● What you have to do: All that is needed is the run of lines from the top of the entries to the line with "WEDO Organizer ELEGANCE", that line included, repeated exactly and free of pictures.

[Opening Dataset excerpts section]

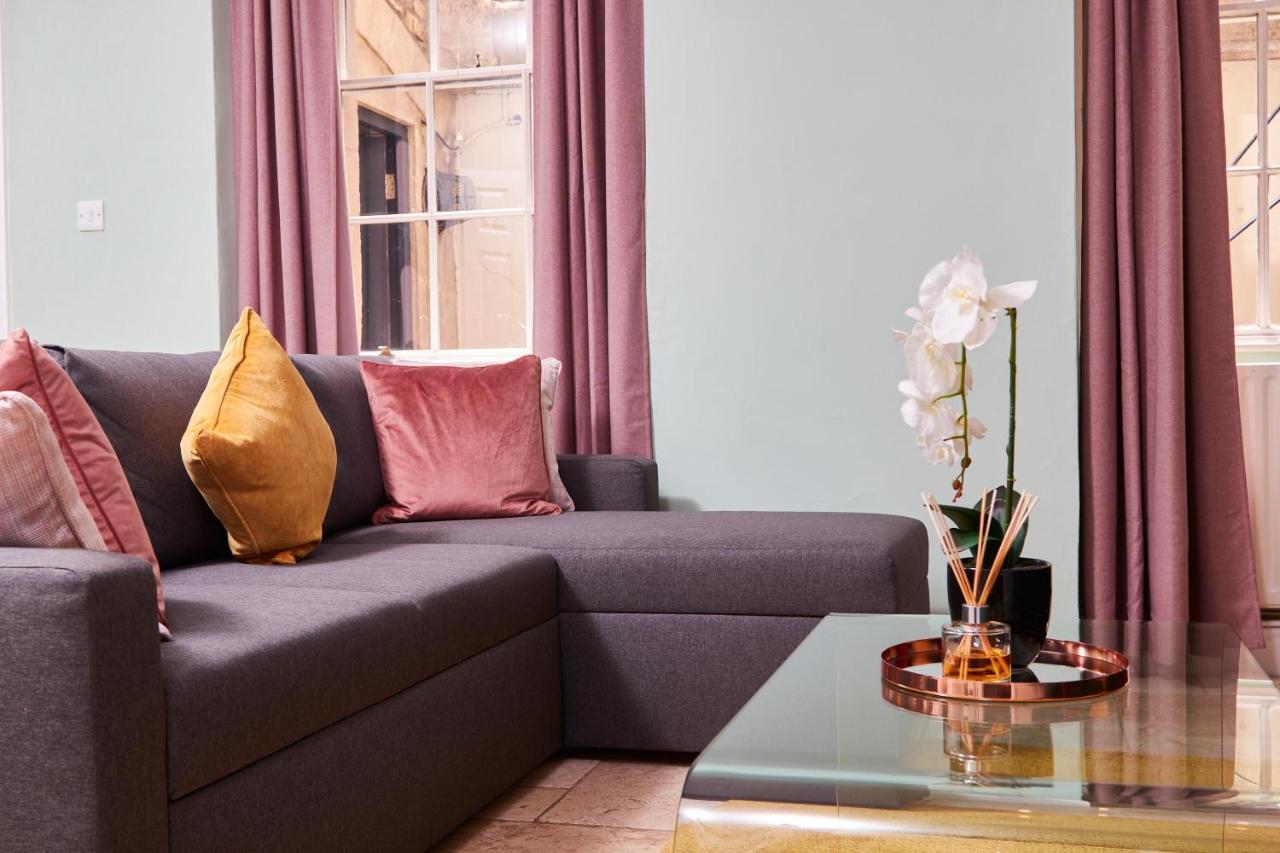 Wonderful Apartment In Bath With Garden - Sleeps 8 Exterior foto
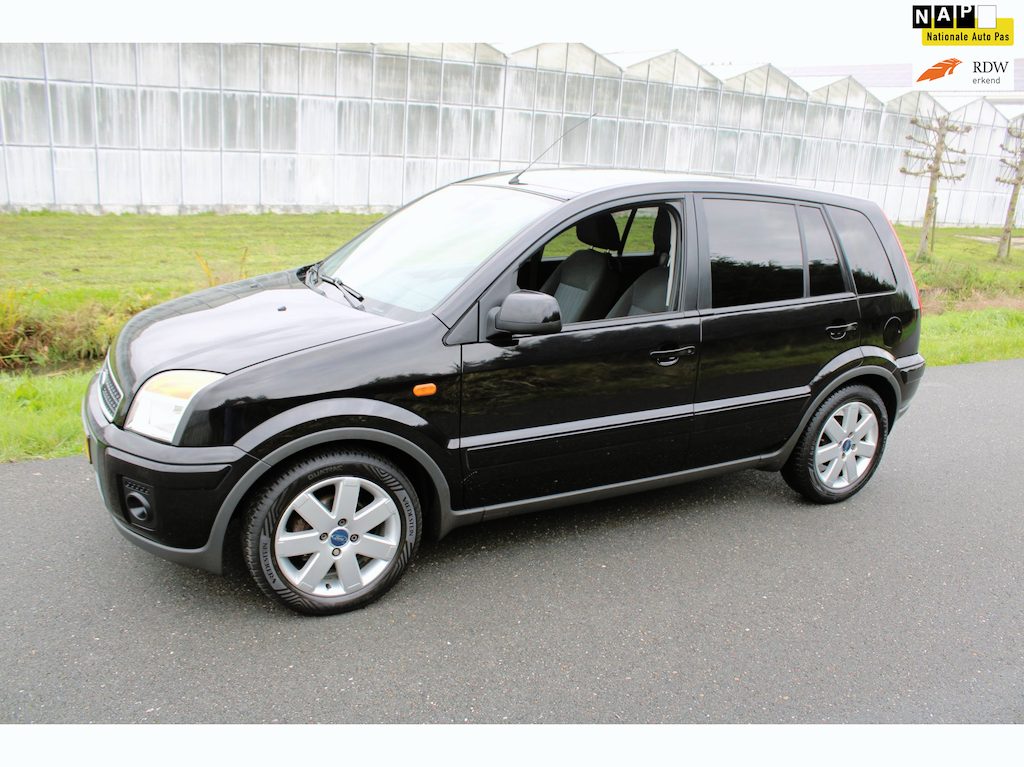 Ford Fusion 1.6-16V Futura Automaat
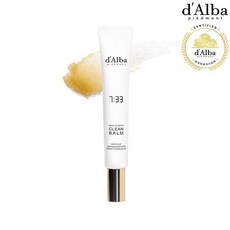 달바 백투데이즈 클린밤 30ml, 클린 밤 30ml, 상세설명 참조, 상세설명 참조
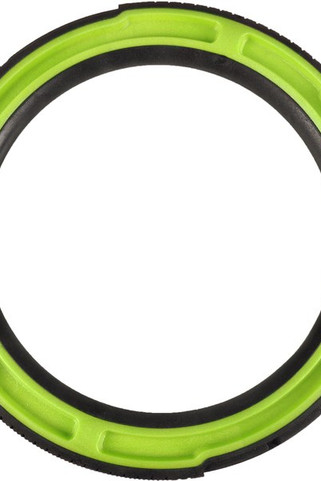 Flamingo f-518184 - Jouet Anneau avec goût de menthe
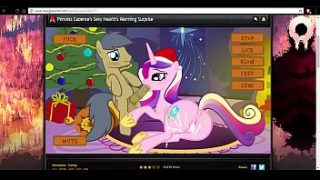 My little pony sex games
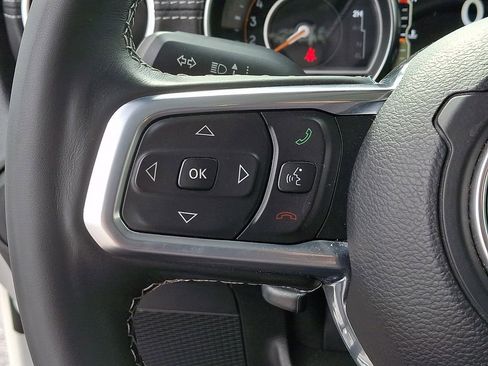Used 2020 Jeep Wrangler Unlimited Sahara w/ Safety Group AWD/4WD image 20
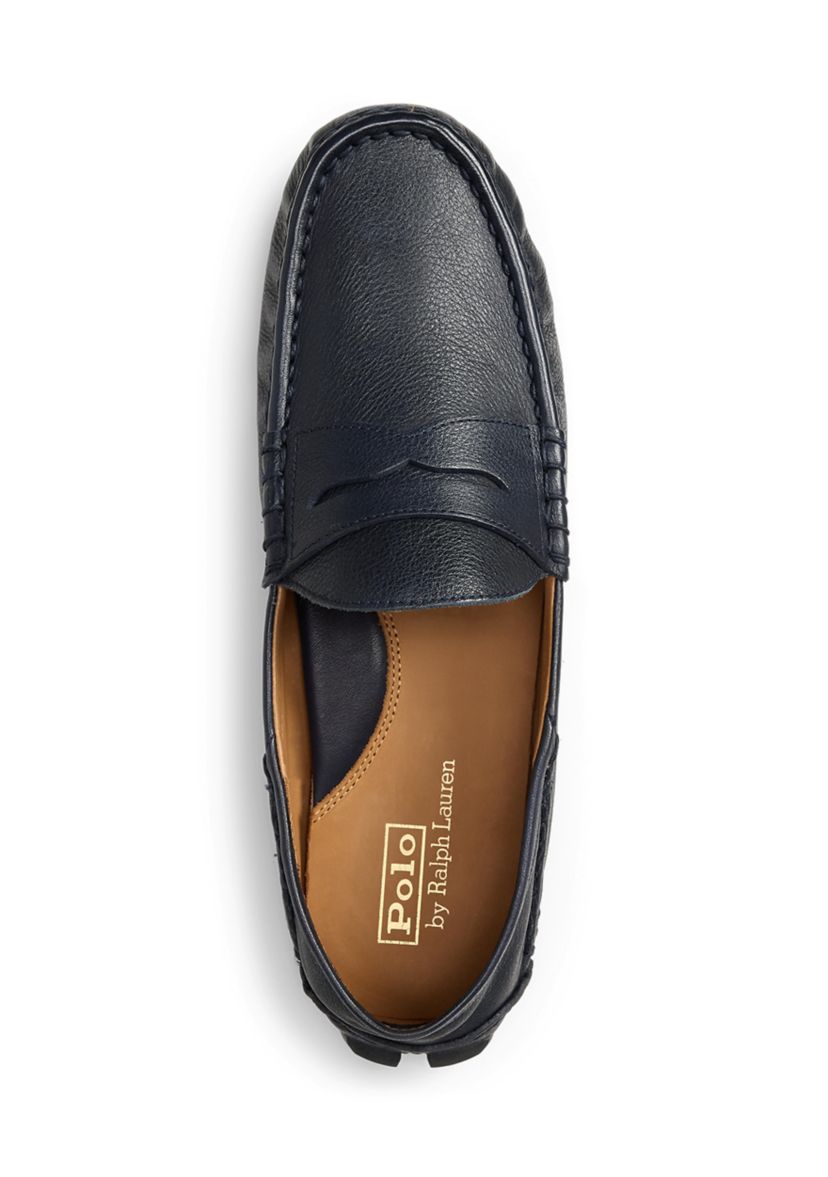 Polo Ralph Lauren Anders Leather Drivers | Belk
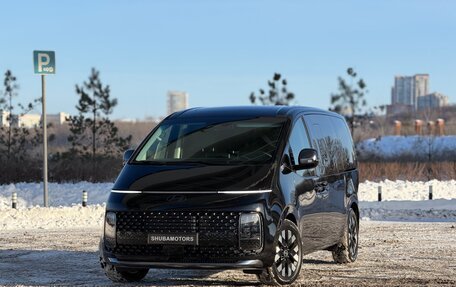 Hyundai Staria, 2024 год, 7 300 000 рублей, 2 фотография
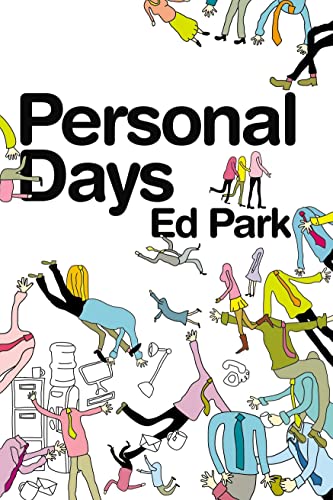 Beispielbild fr Personal Days zum Verkauf von WorldofBooks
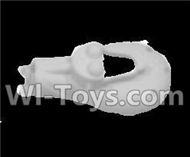 SongYang toy X17 Parts-11 Upper motor cover(1pcs) For the SY X17 UFO X-17 RC Quadcopter
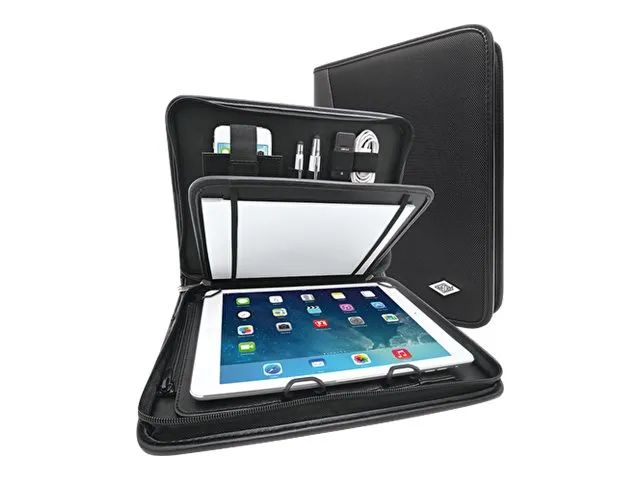 WEDO Organizer ELEGANCE - Mappe mit Reißverschluss für Tablet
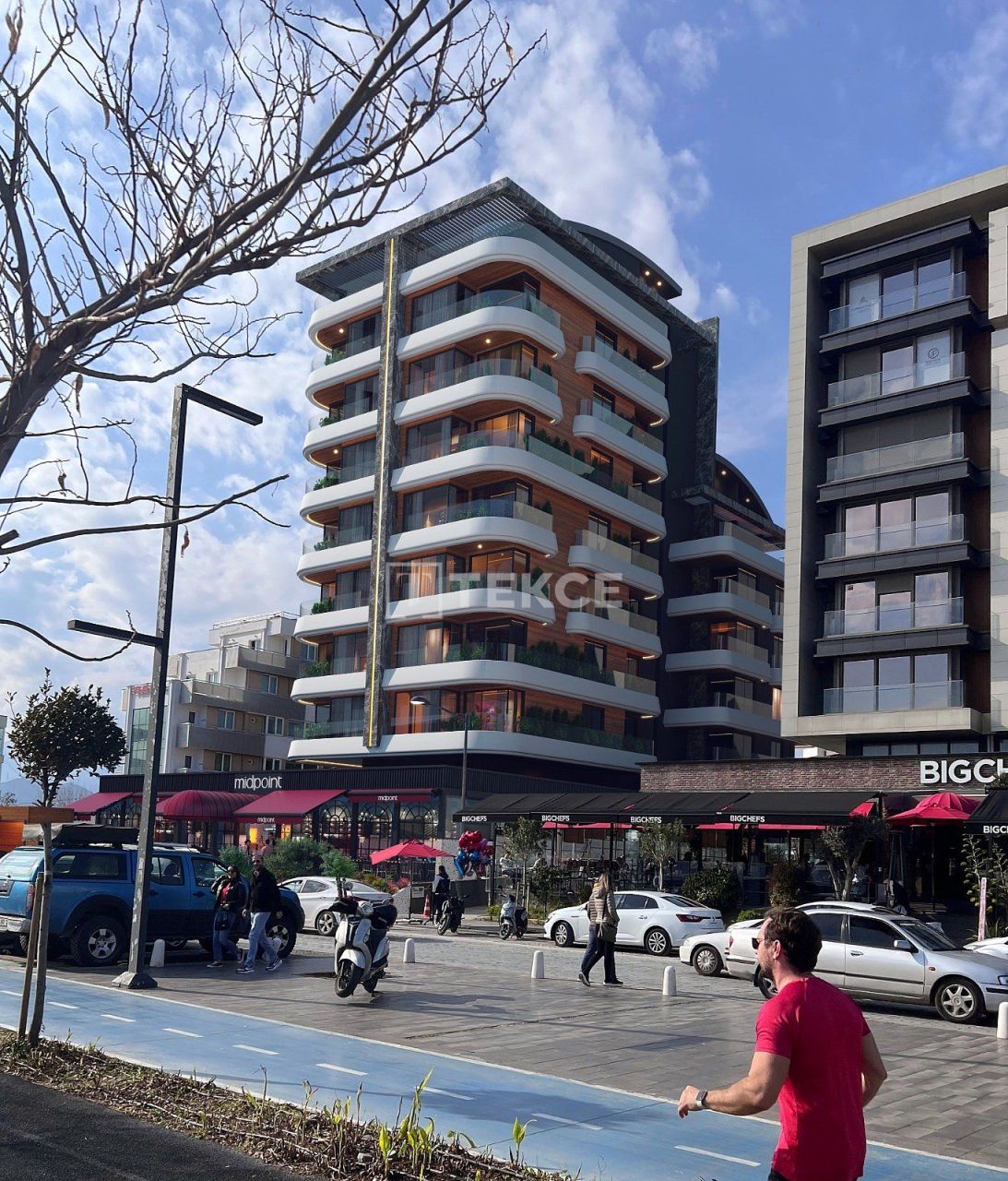 Пентхаус в Анталии, Турция, 121 м² - фото 12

[Closing Dataset excerpts section]

● Completed exercise:
 Wonderful Apartment In Bath With Garden - Sleeps 8 Exterior foto
 Ford Fusion 1.6-16V Futura Automaat
 달바 백투데이즈 클린밤 30ml, 클린 밤 30ml, 상세설명 참조, 상세설명 참조
 Flamingo f-518184 - Jouet Anneau avec goût de menthe
 My little pony sex games
Used 2020 Jeep Wrangler Unlimited Sahara w/ Safety Group AWD/4WD image 20
 Polo Ralph Lauren Anders Leather Drivers | Belk
 Hyundai Staria, 2024 год, 7 300 000 рублей, 2 фотография
 Beispielbild fr Personal Days zum Verkauf von WorldofBooks
 SongYang toy X17 Parts-11 Upper motor cover(1pcs) For the SY X17 UFO X-17 RC Quadcopter
 WEDO Organizer ELEGANCE - Mappe mit Reißverschluss für Tablet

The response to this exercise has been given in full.